Scientists from the National Accelerator Laboratory SLAC have developed a new method of generating fast and bright proton beams using a high-frequency laser-plasma accelerator. This breakthrough marks the first time that key problems in this technology have been successfully solved, paving the way for practical applications. The success of the experiment was made possible by using a thin stream of water as a target, replacing traditional hard targets.
Traditional particle accelerators like synchrotrons rely on electromagnets for beam acceleration and focusing, but their large size limits their use in various industries and medical applications. Laser-plasma accelerators (LPA), on the other hand, offer a more compact alternative. However, their efficiency has been hampered by the need to change targets after each pulse and the significant dispersion of proton beams.
Researchers from SLAC proposed a novel approach using a self-healing water film that automatically refreshes after each shot. An experiment conducted at the Central Laser Facility of STFC Rutherford Appleton Laboratory in the UK verified the effectiveness of this method. A laser pulse directed at a water target successfully generated a proton beam.
Unexpectedly, the evaporated water formed a cloud that interacted with the proton beam, creating magnetic fields. These fields naturally focused the particles, reducing beam scattering by 10 times compared to experiments using solid targets. The process also saw a 100-fold increase in efficiency, allowing for 5 pulses per second for hundreds of laser shots.
Griffin Glenn, a graduate student at Stanford University involved in developing the water target and analyzing data, expressed surprise at the unexpected outcome. The research team used experimental data to model the phenomenon and identify key factors influencing the effect.

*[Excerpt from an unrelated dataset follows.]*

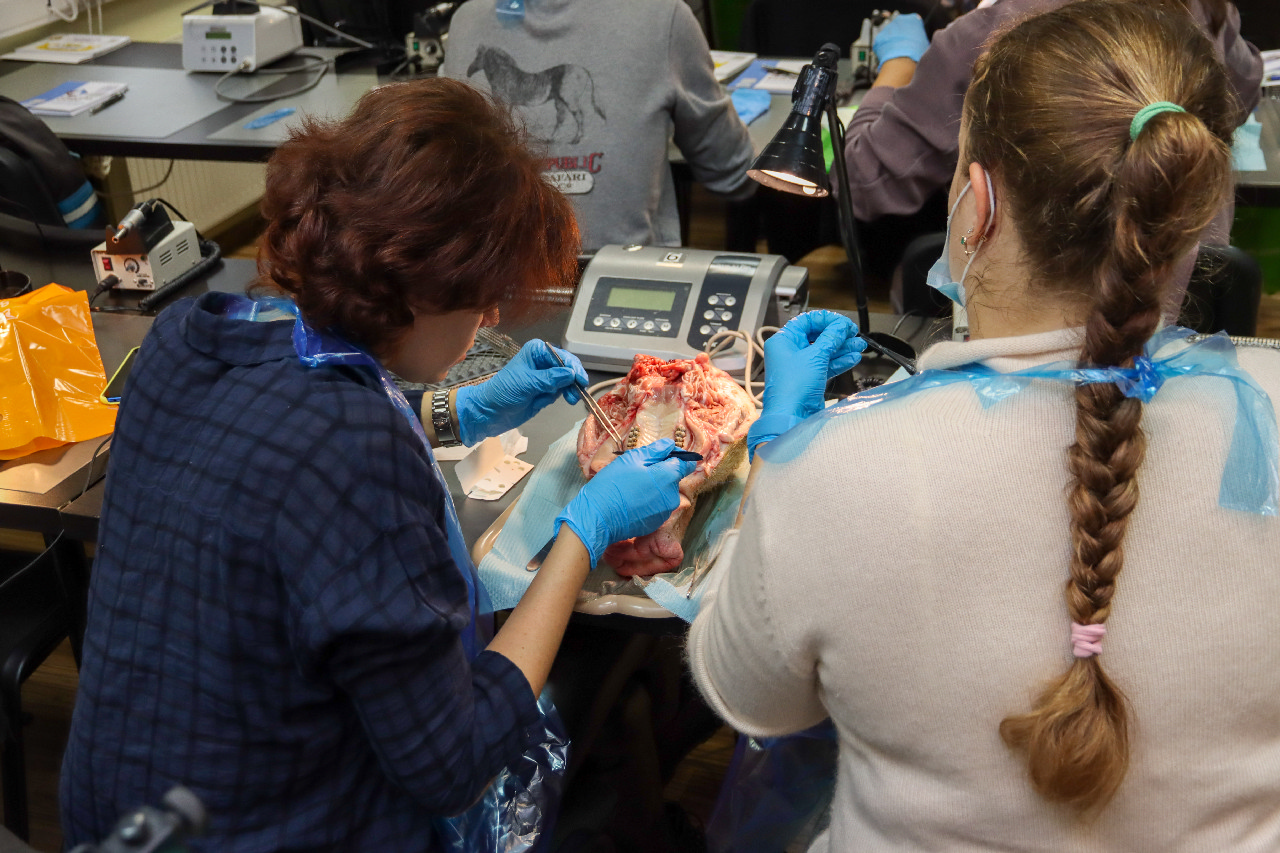 Пластика мягких тканей вокруг имплантатов. Морфологический подход. Пост-релиз 15-16 сентября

The proton beam generated in this manner consistently delivered a radiation dose of 40 grams per pulse – a standard requirement for proton therapy in cancer treatment. Previous LPAs had struggled to achieve such parameters with high pulse repetition rates. Furthermore, these results were achieved using a low-energy laser system, making the technology more practical.
Professor Siegfried Glenzer, the head of the high-energy density department at SLAC, highlighted that this breakthrough changes the approach to research in laser-plasma accelerators. Physicists can now experimentally study various parameters like laser intensity, target density, and environmental conditions, moving beyond reliance on simulations.